** Material supplied follows **

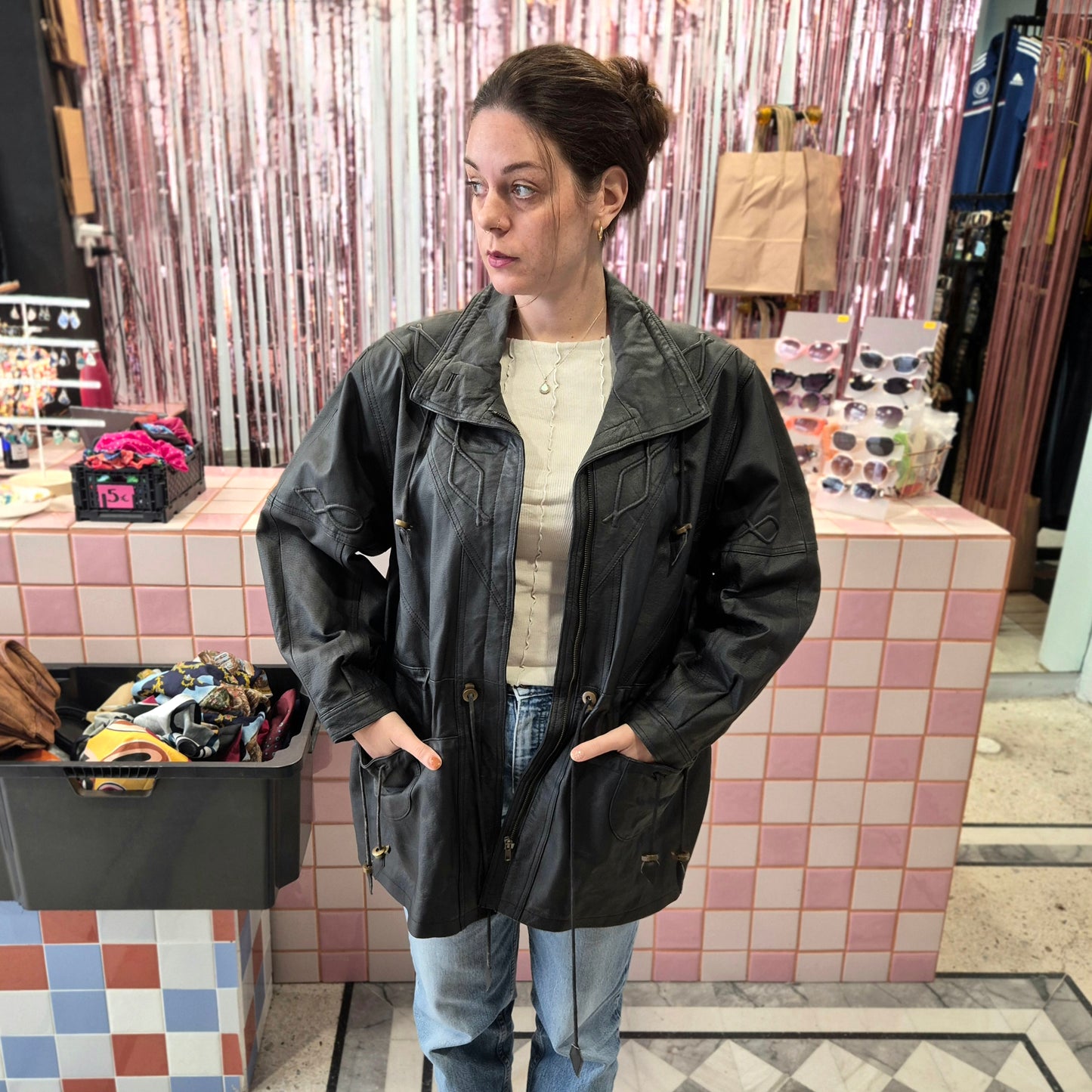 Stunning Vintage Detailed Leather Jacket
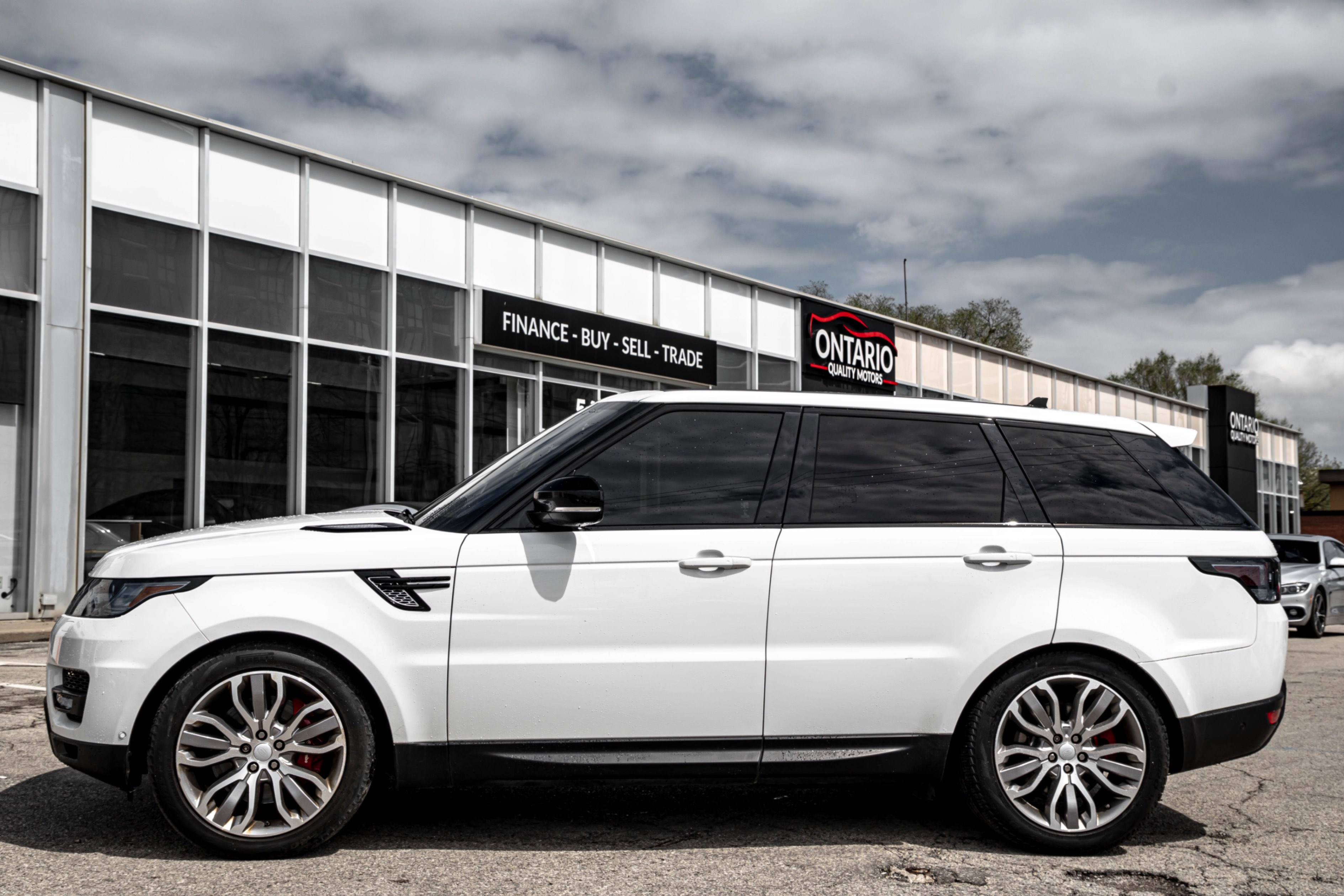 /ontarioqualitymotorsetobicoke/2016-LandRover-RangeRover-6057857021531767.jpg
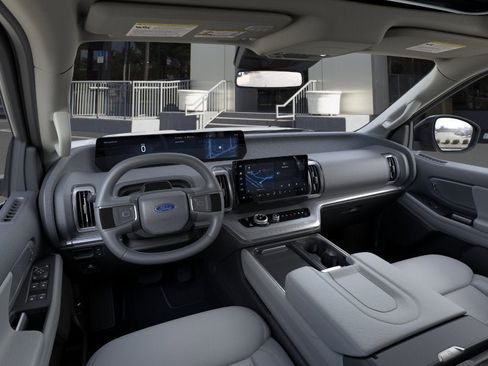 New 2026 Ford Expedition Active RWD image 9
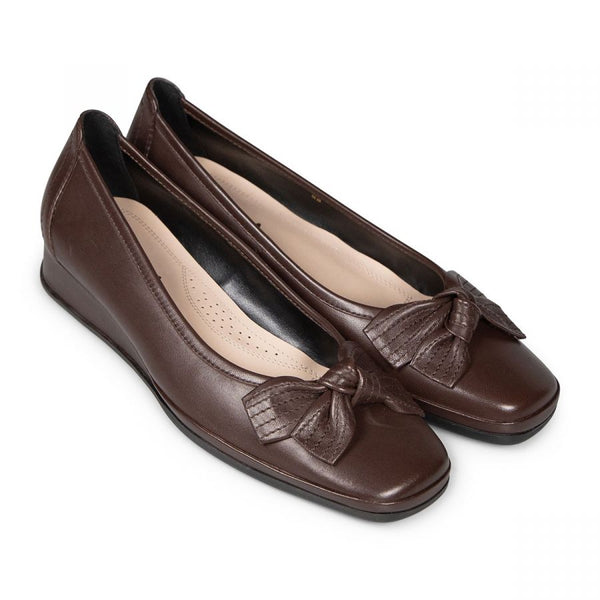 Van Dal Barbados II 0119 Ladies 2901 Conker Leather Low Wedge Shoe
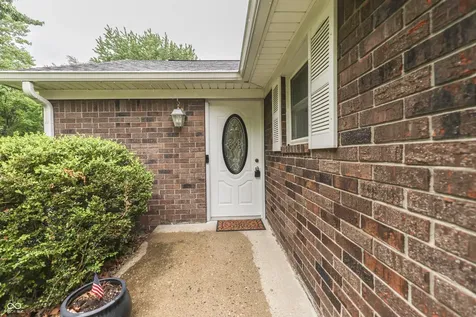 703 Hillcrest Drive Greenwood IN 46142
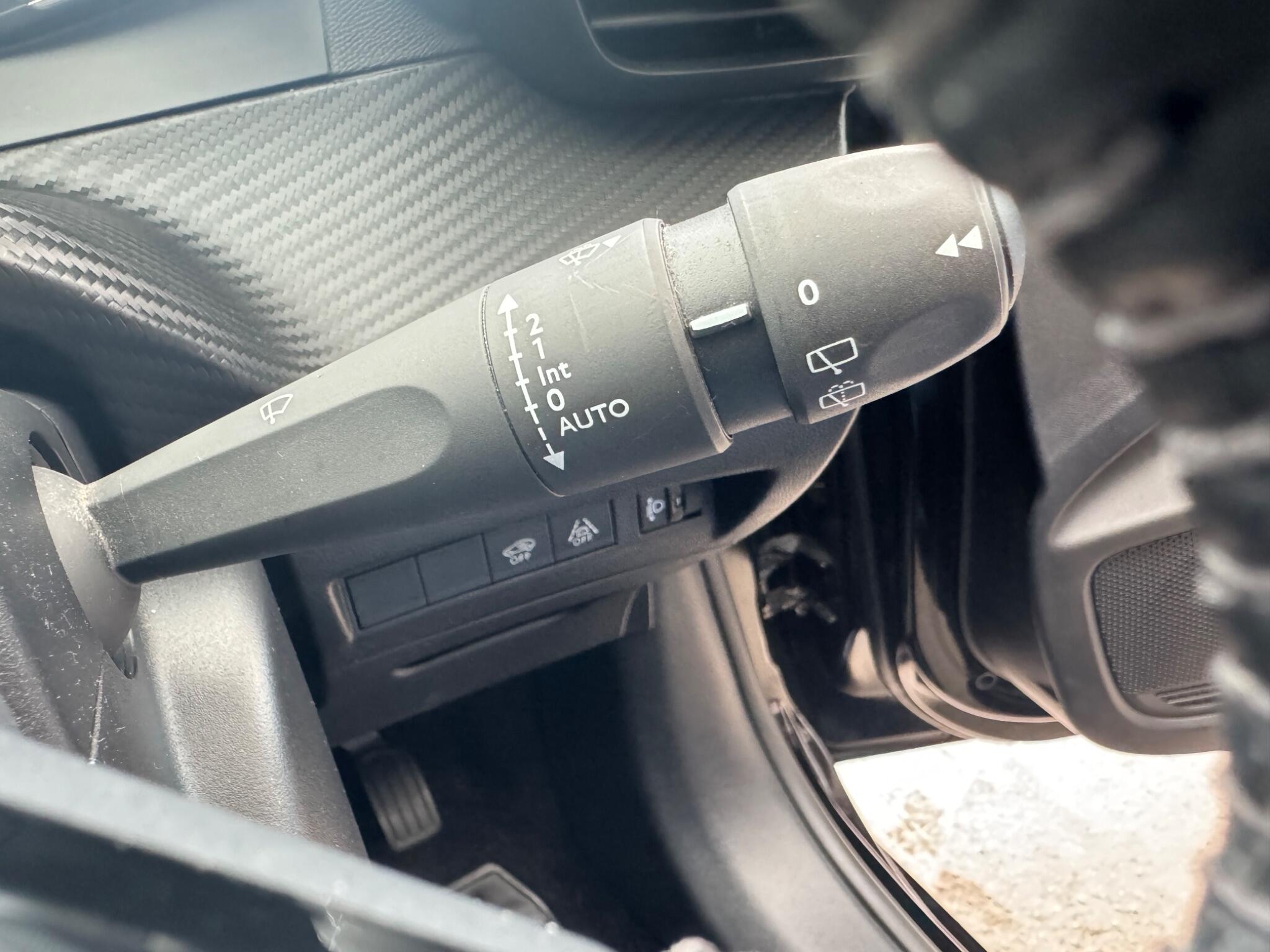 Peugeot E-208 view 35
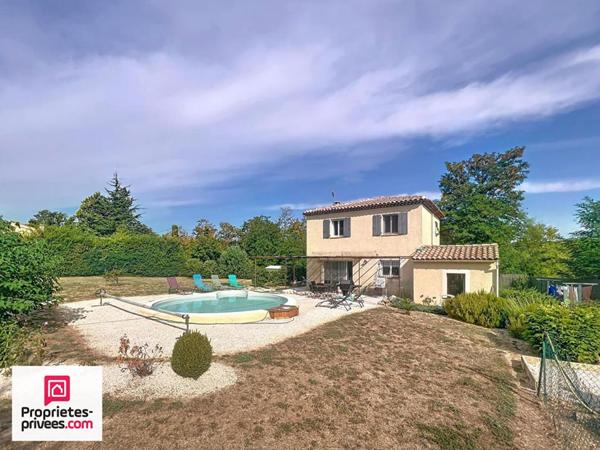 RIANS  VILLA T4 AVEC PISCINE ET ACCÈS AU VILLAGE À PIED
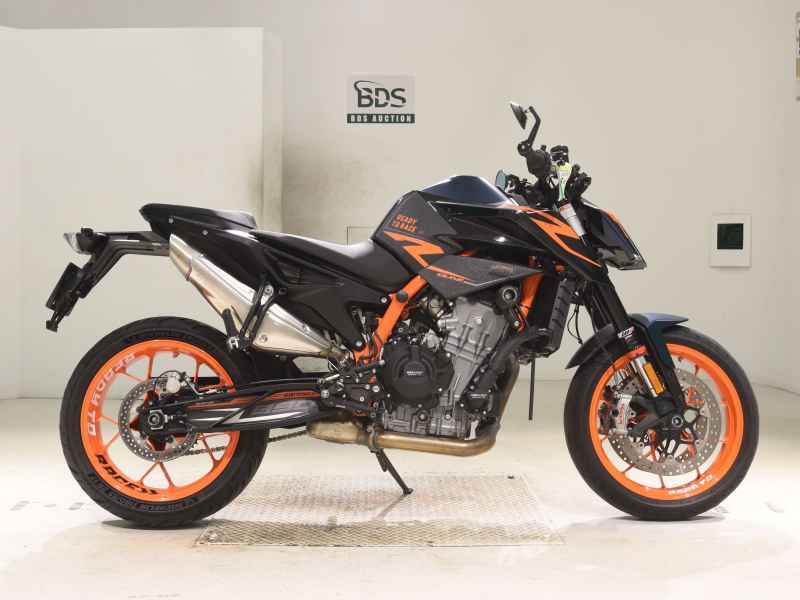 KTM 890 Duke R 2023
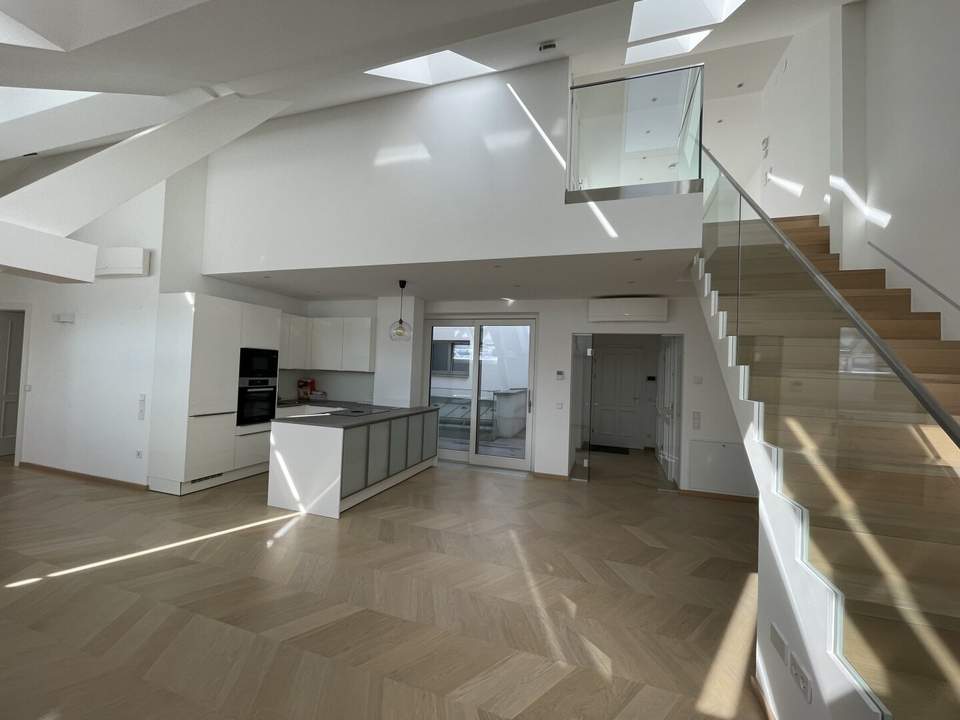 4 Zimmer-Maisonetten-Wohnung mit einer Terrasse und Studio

** End of Material supplied **

◆ Task
Write out exactly the lines from the one that contains "703 Hillcrest Drive Greenwood IN 46142" through the last line of the data above, both included. Leave every picture out.

◆ Response to this task
 703 Hillcrest Drive Greenwood IN 46142
 Peugeot E-208 view 35
 RIANS  VILLA T4 AVEC PISCINE ET ACCÈS AU VILLAGE À PIED
 KTM 890 Duke R 2023
 4 Zimmer-Maisonetten-Wohnung mit einer Terrasse und Studio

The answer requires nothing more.